GraphScope-NetworkX This article demonstrate how to analyze graph with GraphScope in the style of NetworkX. NetworkX is a tool for graph theory and complex network modeling developed in Python and it has a simple and easy-to-use graph analysis interface. GraphScope provides a set of NetworkX-compatible graph analysis interfaces that not only support the use of simple and easy-to-use interfaces like NetworkX but also provide high-performance graph analysis algorithms to support the processing of ultra-large-scale graph data.

What is NetworkX

NetworkX is a tool for graph theory and complex network modeling developed in Python. It comes with built-in graph and complex network analysis algorithms and provides a simple and easy-to-use graph analysis interface that allows for easy analysis of complex network data and simulation modeling. NetworkX’s interface design is very concise, making it easy for novices to quickly develop their understanding of graph data. Furthermore, the interface is easy to use for small to medium-sized data sets.

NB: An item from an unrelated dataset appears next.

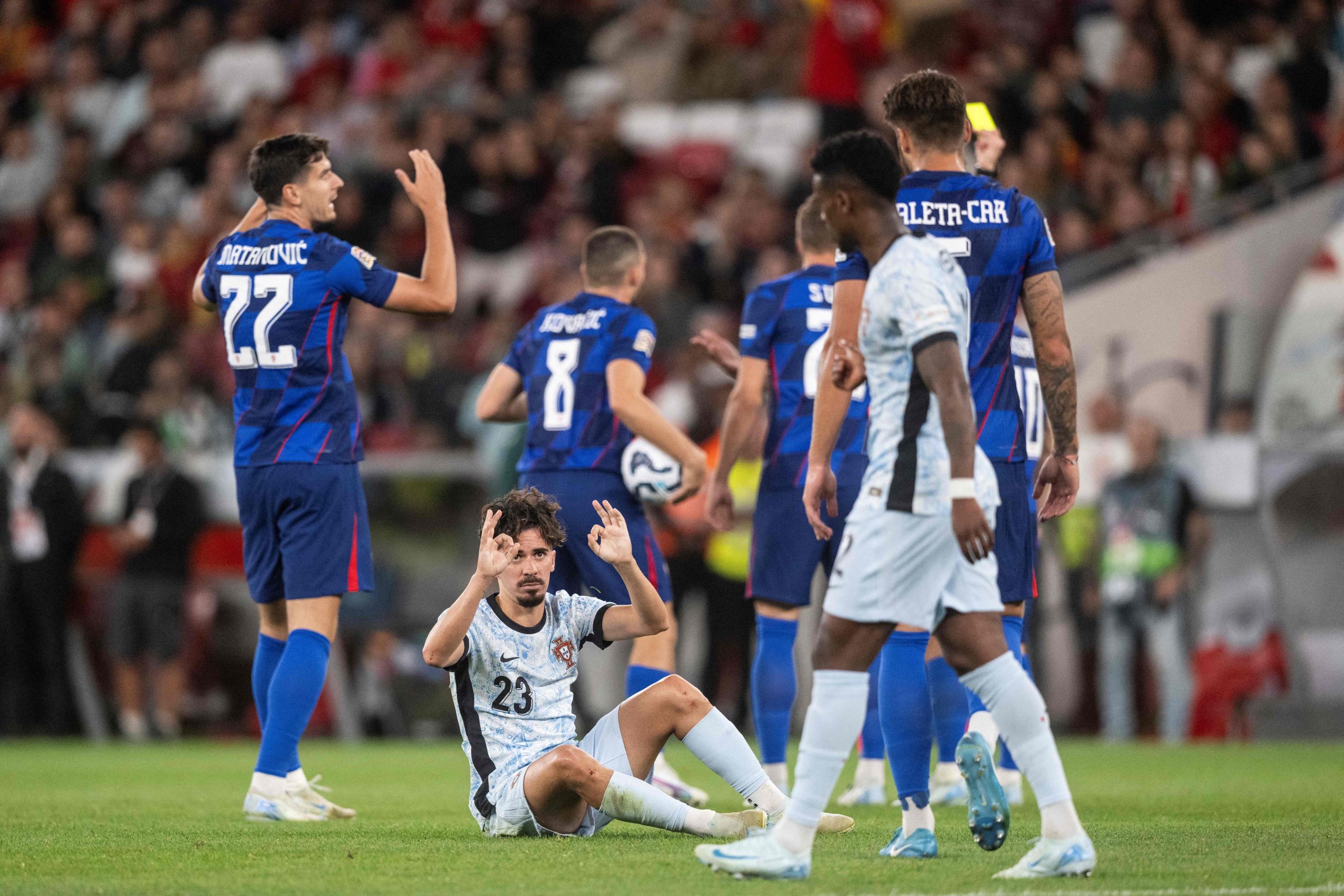 Futebol. Vitinha acaba jogo frente à Croácia com lesão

However, because NetworkX is based on the Python language, algorithm performance is not its strong suit, and it cannot effectively handle industrial-level large-scale graph data. In response to this challenge, GraphScope provides a set of NetworkX-compatible graph analysis interfaces that not only support the use of simple and easy-to-use interfaces like NetworkX but also provide high-performance graph analysis algorithms to support the processing of ultra-large-scale graph data.

We will use a small example to briefly introduce the graph analysis process of NetworkX.

import networkx

# initialize an empty undirected graph
G = networkx.Graph()

# add edge lists through the "add_edges_from" interface.
# here we add two edges (1, 2) and (1, 3)
G.add_edges_from([(1, 2), (1, 3)])

# add node 4 through the "add_node" interface
G.add_node(4)

# check some graph information
# use "G.number_of_nodes()" to query the current number of nodes/vertices in graph G
G.number_of_nodes()
# 4

# similarly, "G.number_of_edges()" can query the number of edges in graph G
G.number_of_edges()
# 2

# use "G.degree" to query the degree of each vertex in graph G
sorted(d for n, d in G.degree())
# [0, 1, 1, 2]

# finally, call the built-in algorithm of NetworkX to analyze the graph
# here we call the "connected_components" algorithm to analyze the connected components of graph G
list(networkx.connected_components(G))
# [{1, 2, 3}, {4},]

# and call the "clustering" algorithm to analyze the clustering of graph G
networkx.clustering(G)
# {1: 0, 2: 0, 3: 0, 4: 0}

The above example is just a simple introduction to graph analysis with NetworkX. For more information on NetworkX interfaces, detailed usage instructions, and built-in algorithms, please refer to the official NetworkX documentation.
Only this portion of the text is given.